Acara ini juga dihadiri perwakilan Gabungan Pengusaha Kelapa Sawit Indonesia (GAPKI). Sementara yang mendampingi Mendag, Sekretaris Jenderal Suhanto, Kepala Badan Pengawas Perdagangan Komoditi (Bappebti) Didid Noordiatmoko, Direktur Jenderal Perdagangan Dalam Negeri Isy Karim, Direktur Jenderal Perdagangan Luar Negeri Budi Santoso, serta Kepala Badan Kebijakan Perdagangan Kasan.

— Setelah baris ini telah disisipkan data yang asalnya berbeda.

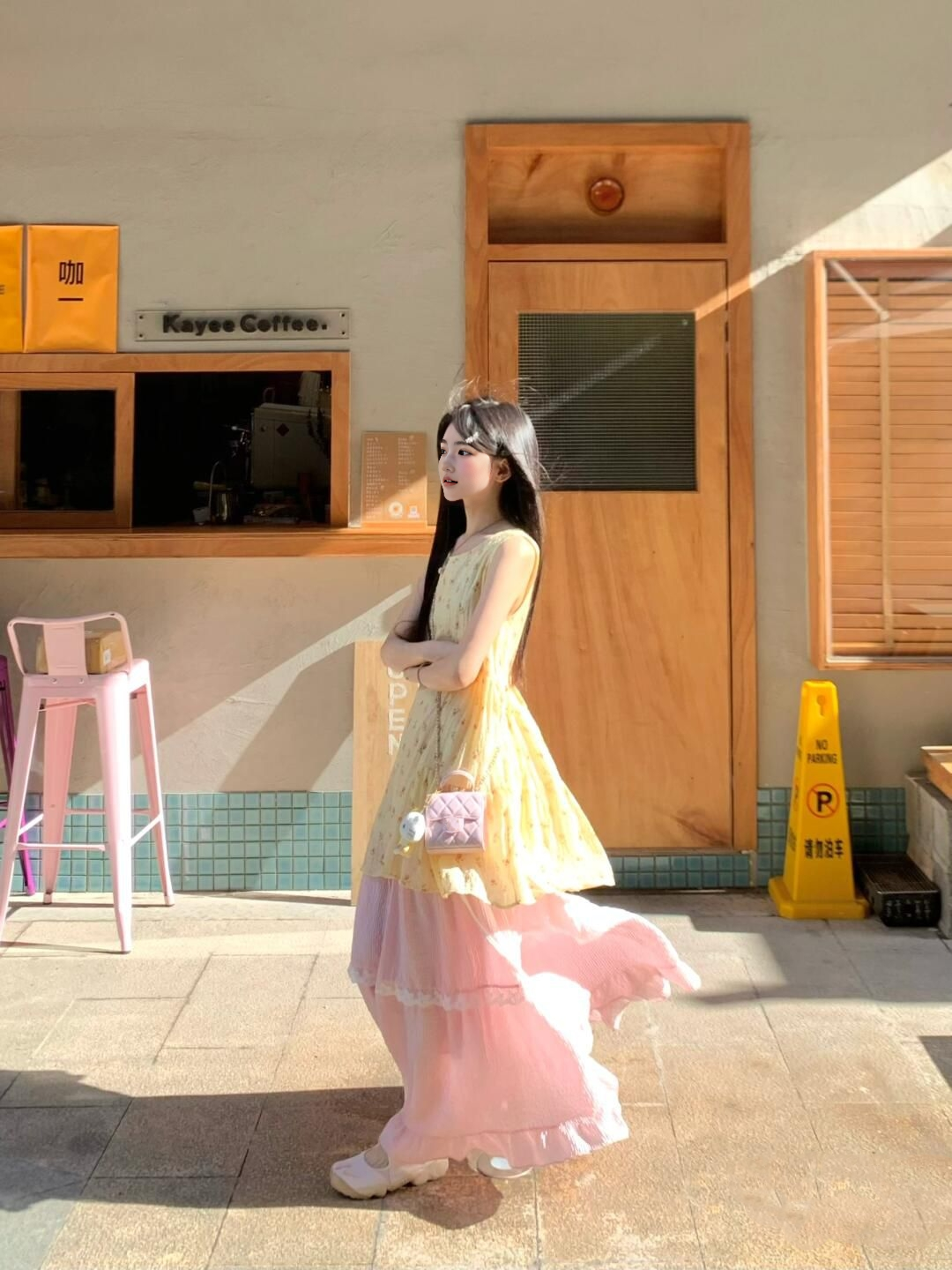 Small fresh floral sleeveless top with pink skirt to match a complete set R0550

“Ekspor CPO melalui bursa berjangka yang ditargetkan launching pada Juni 2023 ini diharapkan dapat menjadi pembentuk harga patokan CPO. Keberadaan ekspor CPO melalui bursa berjangka akan mempermudah pengusaha, meningkatkan efisiensi dan transparansi, serta pada akhirnya meningkatkan perdagangan Indonesia,” kata Mendag Zulkifli Hasan (Zulhas) dalam keterangan resminya dikutip elaeis.co.
Zulkhas mengaku saat ini ekspor masih surplus meski tidak terlalu besar karena kondisi perekonomian global yang sedang melemah.
Untuk itu, menurutnya, perlu inovasi-inovasi seperti pengalihan perdagangan dari pasar tradisional ke nontradisional seperti Timur Tengah, Asia Selatan, dan Afrika. Hal ini diperlukan karena mulai banyaknya aturan yang mempersulit ekspor seperti adanya kebijakan sertifikasi di Eropa dan Amerika.
“Selain pengalihan pasar dari tradisional ke non-tradisional, perlu juga memperkuat kebijakan ekspor Indonesia. Salah satunya melalui kebijakan ekspor CPO karena CPO merupakan salah satu penyumbang surplus neraca perdagangan,” kata dia.
Zulhas tidak menampik sebagai negara penghasil CPO terbesar di dunia, sudah selayaknya Indonesia memiliki harga acuan untuk CPO sendiri. Apalagi dengan kondisi saat ini menunjukkan bahwa Indonesia belum berperan dalam memberikan harga acuan yang diakui di pasar dunia.
Harga acuan untuk komoditas CPO saat ini masih mengacu ke Pasar Fisik Rotterdam, dan Pasar Berjangka di Kuala Lumpur (MDEX) sebagai basis penetapan harga CPO dunia.
“Berkaitan dengan kebijakan tersebut, diperlukan berbagai masukan agar ekspor CPO melalui bursa tidak merugikan pelaku usaha CPO. Proses bisnis yang ada sekarang tidak banyak berubah, kecuali mewajibkan ekspor CPO melalui bursa berjangka," ujarnya.
Zulhas memastikan kebijakan kewajiban pemenuhan Domestic Market Obligation (DMO) masih berlaku, sehingga eksportir tetap wajib memiliki Hak Ekspor (HE) terlebih dahulu. "Diharapkan pelaku usaha dapat mendukung keberadaan pengaturan ekspor CPO melalui bursa berjangka ini,” tandasnya.